I Told Harvard: Business is Not About the Money
I recently had the pleasure of speaking at Harvard University for Women’s Entrepreneurship Day. This global event, in partnership with the United Nations and the U.S. State Department, is an exciting campaign designed to encourage and empower more women in business.
As you can imagine, I was honored to be at one of the world’s most prestigious universities facing an audience of future leaders on this occasion. Like so many speaking invitations that I receive, I was excited to share the success story of our organization at Dwyer Group. But more importantly, I accepted this invitation to speak about values. As I told everyone in the auditorium at Harvard, business is not about the money.
Success in business starts with having values.
Many people — especially those who follow franchising — know the growth story and success behind Dwyer Group. They know that our service brands are household names. They know that we have grown into a billion-dollar organization with more than 2,500 franchises around the world.
But what I like to explain is the Code of Values at the heart of our business that has provided the roadmap for how we live and how we lead across those service brands. You see, I credit the success of our company to our Code of Values — the guiding principles that serve as the foundation for our business.
As I said at Harvard, “The profits are simply the applause we get for doing right by taking care of people.” Real success, the kind that goes even deeper than the bottom line, is rooted in living and leading with values.
This seemed all too appropriate on Women’s Entrepreneurship Day. After all, I believe that women have a nurturing instinct that points us in this direction in many ways. In taking care of business, we often approach it as taking care of people too.
The unfortunate reality, however, is that many companies think they have this kind of culture or environment in the workplace when they don’t.
It’s been said that 95% of companies that have a code of values don’t use it.
A company may think it is living and leading with values because its leaders have gone through the exercise of writing down a code of values for the organization. But many times, as I share in my book Values, Inc., that’s all it is – an exercise. The missing element is putting that code of values into practice.

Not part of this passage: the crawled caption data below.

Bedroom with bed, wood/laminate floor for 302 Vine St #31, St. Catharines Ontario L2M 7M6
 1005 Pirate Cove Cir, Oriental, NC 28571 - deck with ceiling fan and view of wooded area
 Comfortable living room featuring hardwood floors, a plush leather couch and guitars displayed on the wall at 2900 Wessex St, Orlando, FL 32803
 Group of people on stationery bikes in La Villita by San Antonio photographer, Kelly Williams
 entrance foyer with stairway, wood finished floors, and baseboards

Dina shares Dwyer Group’s Code of Values at Harvard.
Thousands of companies spend countless hours and tons of money with experts to help define their mission, vision and values. They write them down, hang them on the wall…and then walk away.
The key for our team at Dwyer Group is reciting those values at meetings, looking to them for answers when we have a question about our business, and bringing them to life. When it comes to values in business, our team knows what we stand for and it’s more than just a theory. This is the real exercise, a daily exercise, that makes a distinct difference.
Students can make a difference to our future business world too.
One of the reasons I love speaking to college students is because they can make a lasting impact on how businesses live and lead in the future as well. They are the future! And what they learn in the classroom may influence what they do in their careers. Studying theories, reading books and even hearing from speakers like me might provide lessons and information worthy of action on the paths they choose. My hope is that my story, the Dwyer Group’s story, is one of those lessons about values in business that they can put into practice when they pursue their dreams. The rewards, even the monetary kind, will follow.